NOTE: Kinetic Global Ventures makes no warranties, express or implied, regarding the use of this SAMPLE document. In no event shall Kinetic Global Ventures be liable to anyone for any problem, claim, or loss arising out of the use of this SAMPLE document . Certain parts of this document have been purposely omitted . Your final document should be reviewed by a lawyer before use. Kinetic Global Ventures is not engaged in practicing law nor provide legal advice. This is just part of Kinetic Global Ventures ongoing contributions towards a better understanding and implementation of proper international trade documentation . Certain variations of the document should be expected.
|
Commonly Used Terms in International Trade
Banking instruments
LC (Letter of Credit) - Issued and
guaranteed by the bank for the full amount of the contract. Follows ICC
UCP500 guidelines.
DLC (Documentary Letter of Credit) -
Issued and guaranteed by the bank for the full amount of the contract, each
shipment paid separately.
RLC (Revolving Letter of Credit) - Issued
in the amount of each shipment at a time.
ARLC (Automatic Revolving Letter of
Credit) - Automatically reinstated and guaranteed successively in the amount
of each shipment for a pre-set schedule, as decided between buyer and seller.
SBLC (Standby Letter of Credit) - Issued
for the full amount of the contract, but negotiable after all deliveries have
been made,
BCL - Bank Clearance Letter/ Bank Comfort
Letter/ Bank Capability Letter
KTT (Key Tested Telex) - Secure way for
banks to communicate to each other.
PBG (Prime Bank Guarantee) - Will
guarantee payment from a prime world bank.
BG - Bank Guarantee
PB - Performance Bond
1) LOI = Letter of Intent
This is a letter by which the Buyer expresses its
intent to buy the product. It describes the name of the product, the product
specifications and country of origin, quantity, term of the purchasing
contract, desired price, terms of transaction (FOB, CFR, CIF, etc.), desired
shipment date, method of payment and validity period of LOI.
On the other hand, the Seller's side will
sometimes ask for disclosure of the Buyer's bank's name, bank account number,
etc. and for its understanding of a "soft probe" so as to
investigate the Buyer's ability to pay.

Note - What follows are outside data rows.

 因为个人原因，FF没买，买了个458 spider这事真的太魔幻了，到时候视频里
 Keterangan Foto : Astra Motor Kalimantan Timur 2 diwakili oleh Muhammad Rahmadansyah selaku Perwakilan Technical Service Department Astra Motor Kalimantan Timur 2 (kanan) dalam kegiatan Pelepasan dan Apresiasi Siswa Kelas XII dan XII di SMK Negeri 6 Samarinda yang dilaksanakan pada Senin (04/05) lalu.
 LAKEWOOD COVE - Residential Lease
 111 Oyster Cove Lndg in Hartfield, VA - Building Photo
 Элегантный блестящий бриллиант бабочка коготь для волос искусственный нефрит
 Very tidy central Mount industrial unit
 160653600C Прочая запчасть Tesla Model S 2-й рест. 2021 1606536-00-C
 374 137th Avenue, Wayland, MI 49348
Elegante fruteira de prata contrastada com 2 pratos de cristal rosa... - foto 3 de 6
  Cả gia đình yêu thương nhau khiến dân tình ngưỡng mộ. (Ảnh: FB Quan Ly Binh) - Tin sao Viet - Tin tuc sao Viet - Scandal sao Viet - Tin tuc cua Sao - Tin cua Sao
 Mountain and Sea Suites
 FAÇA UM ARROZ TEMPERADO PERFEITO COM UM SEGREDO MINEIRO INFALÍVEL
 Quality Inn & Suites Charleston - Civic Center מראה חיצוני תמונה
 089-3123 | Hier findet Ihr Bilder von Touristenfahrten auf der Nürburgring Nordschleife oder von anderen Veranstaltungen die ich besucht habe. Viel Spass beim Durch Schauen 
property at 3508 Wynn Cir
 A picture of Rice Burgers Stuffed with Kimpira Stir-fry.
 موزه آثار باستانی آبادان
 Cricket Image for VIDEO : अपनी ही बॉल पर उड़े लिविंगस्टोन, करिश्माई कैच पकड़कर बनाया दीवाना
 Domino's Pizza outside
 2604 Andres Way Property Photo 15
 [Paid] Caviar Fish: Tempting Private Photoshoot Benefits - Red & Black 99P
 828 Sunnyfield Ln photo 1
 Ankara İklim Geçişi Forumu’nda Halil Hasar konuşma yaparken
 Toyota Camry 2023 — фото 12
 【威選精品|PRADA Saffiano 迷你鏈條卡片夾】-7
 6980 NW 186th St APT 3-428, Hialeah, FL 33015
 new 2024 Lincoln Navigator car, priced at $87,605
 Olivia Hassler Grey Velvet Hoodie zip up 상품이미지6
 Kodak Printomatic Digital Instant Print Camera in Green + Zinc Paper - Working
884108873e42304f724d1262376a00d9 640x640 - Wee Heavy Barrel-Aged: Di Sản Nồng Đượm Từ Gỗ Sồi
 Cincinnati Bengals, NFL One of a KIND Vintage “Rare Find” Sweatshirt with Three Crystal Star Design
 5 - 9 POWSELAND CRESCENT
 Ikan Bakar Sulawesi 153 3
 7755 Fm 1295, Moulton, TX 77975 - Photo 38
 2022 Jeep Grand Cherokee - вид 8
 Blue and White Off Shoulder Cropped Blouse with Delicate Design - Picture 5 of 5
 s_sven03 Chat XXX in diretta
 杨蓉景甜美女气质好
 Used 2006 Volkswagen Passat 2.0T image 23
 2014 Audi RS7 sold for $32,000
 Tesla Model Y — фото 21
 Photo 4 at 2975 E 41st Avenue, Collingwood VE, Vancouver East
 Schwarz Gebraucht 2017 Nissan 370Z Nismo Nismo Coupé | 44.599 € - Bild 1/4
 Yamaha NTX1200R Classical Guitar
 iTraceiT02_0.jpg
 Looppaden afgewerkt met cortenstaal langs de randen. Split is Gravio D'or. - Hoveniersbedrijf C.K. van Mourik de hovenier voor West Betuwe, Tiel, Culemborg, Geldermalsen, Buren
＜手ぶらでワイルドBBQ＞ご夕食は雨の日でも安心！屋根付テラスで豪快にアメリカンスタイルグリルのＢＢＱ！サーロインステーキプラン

A "soft probe" means the
procedure of contacting the Buyer's bank through the Seller's bank to briefly
investigate the Buyer's ability to pay.
2) BCL = Bank Comfort Letter (Bank
Capability Letter)
This is a letter issued by the Buyer's bank to
the Seller and certifies that the Buyer has sufficient ability to pay for the
transaction in question. The BCL may be demanded by the Seller at the stage
of the LOI, the time of signing the contract, etc. Several cases are
possible.
3) FCO = Firm Corporate Offer (Full
Corporate Offer)
This is a formal offer by which the Seller
proposes details of the transaction and the final price. If the Buyer accepts
these terms, it signs the offer and returns it to the Seller. Next, the
Seller sends a draft of the contract.
Depending on the transaction, the two parties
will sometimes enter negotiations on concluding the contract directly without
going through the FCO process.
4) POP = Proof of Product
In the same way as the Seller thinks the Buyer's
ability to pay is important, the Buyer finds it important to determine if the
Seller really owns the products in question or has the right to deal in them.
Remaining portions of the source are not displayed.